For many years, courts in Illinois have required employers to show the existence of a "legitimate business interest" as the first step in enforcing a restrictive covenant, such as a non-compete or non-solicitation agreement. Over time, this requirement has become increasingly rigid. In fact, some courts had taken the position that there were only two possible legitimate business interests: the protection of "near-permanent" customer relationships and the protection of confidential information/trade secrets. If the employer could not show that the covenant protected one of these interests, then these courts would refuse enforcement, even if the restriction was otherwise reasonable in its scope and duration.
Rebelling against the inflexibility of this analysis, the 4th District of the Illinois Appellate Court announced in 2009 in Sunbelt Rentals, Inc. v Ehlers that it was no longer going to apply the "legitimate business interest" test. The Sunbelt Rentals Court deemed the test an inappropriate gloss on prior Illinois caselaw. Instead, the 4th District held that the only relevant question in cases involving a restrictive covenant was whether the covenant was reasonable – in other words, did the covenant impose an undue burden on the employee or the public and was it broader than necessary? This standard was generally viewed to be more favorable to employers seeking to enforce non-compete agreements against former employees. As a result of the decision in Sunbelt Rentals, a split developed between the districts of the Illinois Appellate Court, with some courts applying the prior "legitimate business interest" test and other courts ignoring this requirement altogether.

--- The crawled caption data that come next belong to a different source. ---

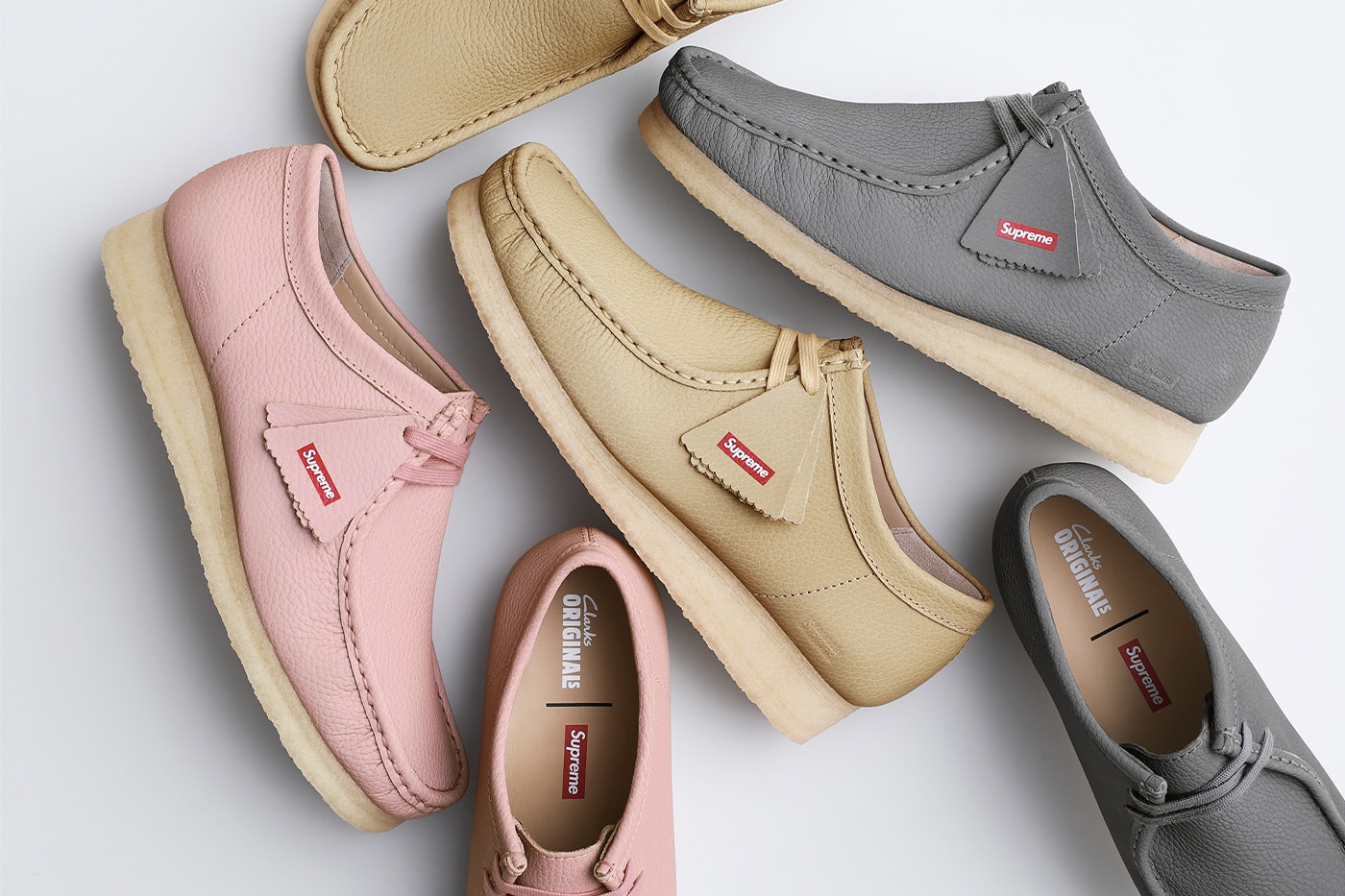 Supreme x Clarks Originals Spring 2025 Collaboration Release Info Collection three colorways natural crepe leather upper lining shoes slip ons wallabees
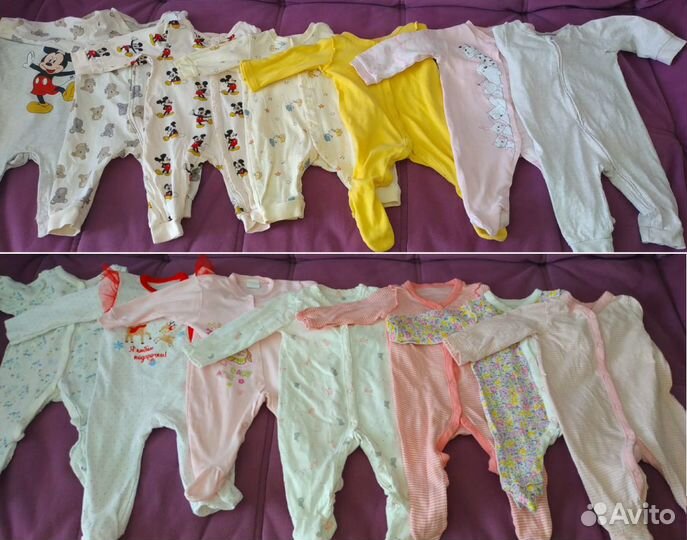 Слипы и боди на девочку до 1 года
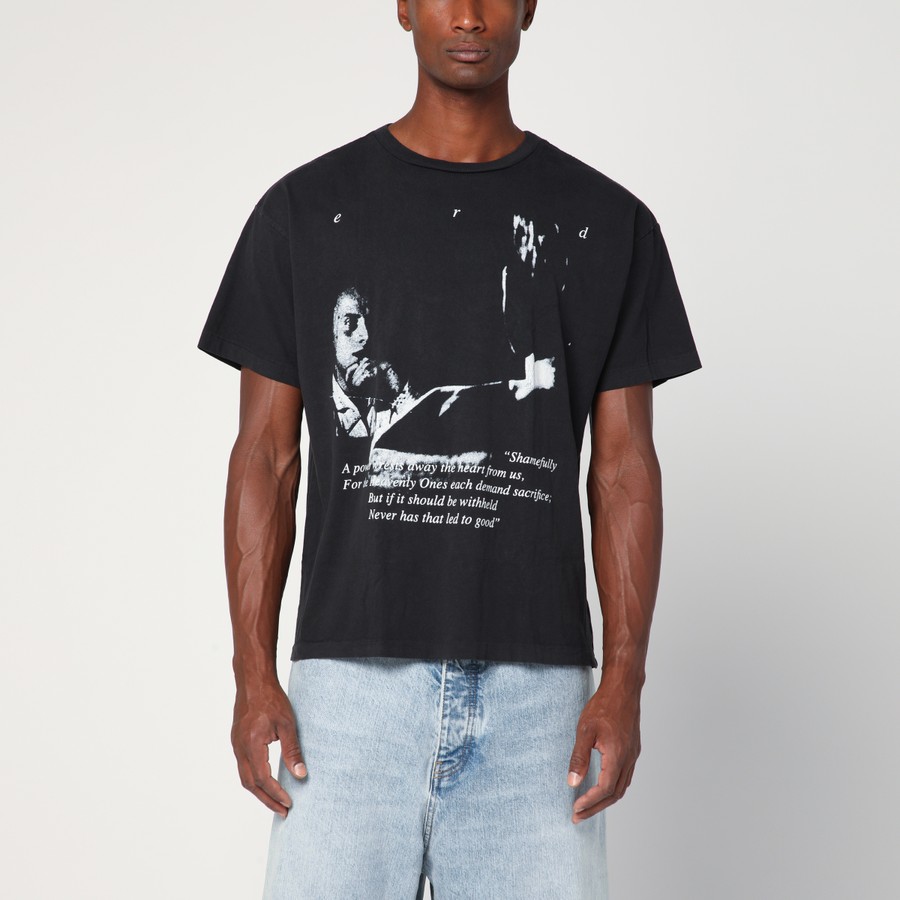 Tシャツ・カットソー ENFANTS RICHES DEPRIMES BLACK VINTAGE-EFFECT T-SHIRT Enfants Riches Déprimés Black vintage-effect T-shirt with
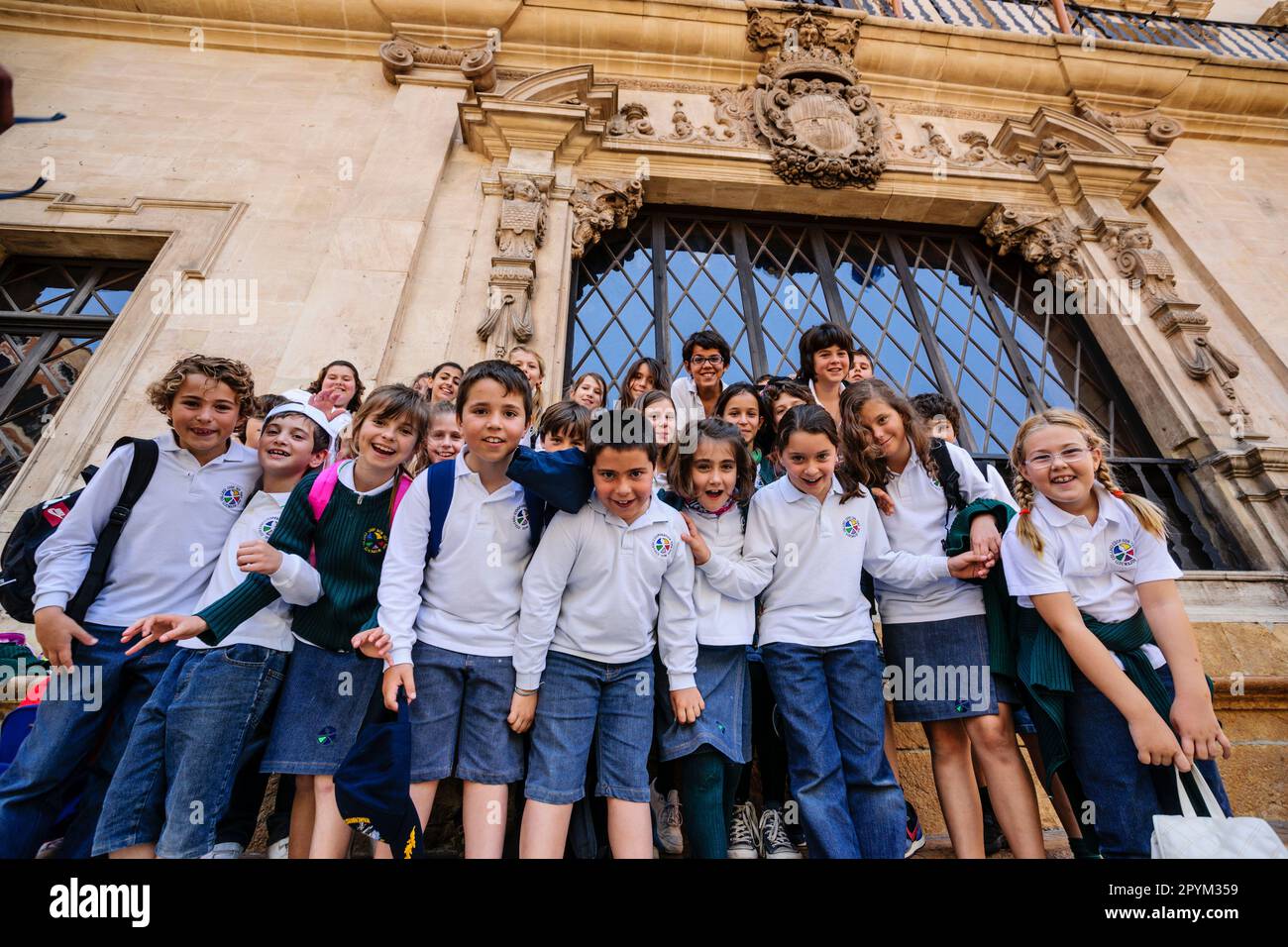 banco de los Sinofos frente a la fachada del ayuntamiento, plaza de Cort, Palma, mallorca, islas baleares, Spain, europa Stock Photo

In Reliable Fire Equipment Co. v. Arredondo, the Illinois Supreme Court finally clarified the standard to be applied. Reliable Fire involved a suit by an employer against two former employees and their new company. The employer alleged, among other things, that the former employees breached a one-year non-compete, a customer non-solicit, and an employee non-solicit. The trial court held for the defendants, ruling that the employer’s non-compete and non-solicit provisions were unenforceable because the employer could not show the existence of a "legitimate business interest." A panel of the Illinois Appellate Court sharply split in its reasoning, but ultimately affirmed the trial court’s decision.
Reversing and remanding the case for further proceedings, the Illinois Supreme Court held that restrictive covenants are governed by a "rule of reason" consisting of "three prongs":
1. The covenant must be no greater than necessary for the protection of the employer’s reasonable business interest;
2. The covenant must not impose an undue hardship on the employee; and
3. The covenant must not be injurious to the public.
In addressing the first requirement, the court stated that the employer’s legitimate business interest must be more than simply a desire to suppress ordinary competition. At the same time, the interest need not fall into one of the two rigid categories that been developed in some prior cases. The court stated that "near permanent" customer relationships and confidential information/trade secrets are merely two examples of legitimate business interests that might exist for an employer. Moreover, the court refused to endorse any of the previous tests that had been used by lower courts to determine whether a legitimate business interest existed. Instead, the court held that judges should examine the "totality of the circumstances" in the case to determine whether a covenant is enforceable.
The result of the court’s decision in Reliable Fire is undoubtedly to make it easier for employers to show the existence of a legitimate business interest and thereby to enforce restrictive covenant agreements. However, the Illinois Supreme Court expressly overruled the approach of the 4th District in Sunbelt Rentals that would have done away with the legitimate business interest test altogether. Therefore, employers will need to continue to provide a business-based justification for restrictive covenants and ensure that such covenants are appropriately limited in the activity that they prohibit, the geographic area to which they apply, and the time period during which they remain in effect.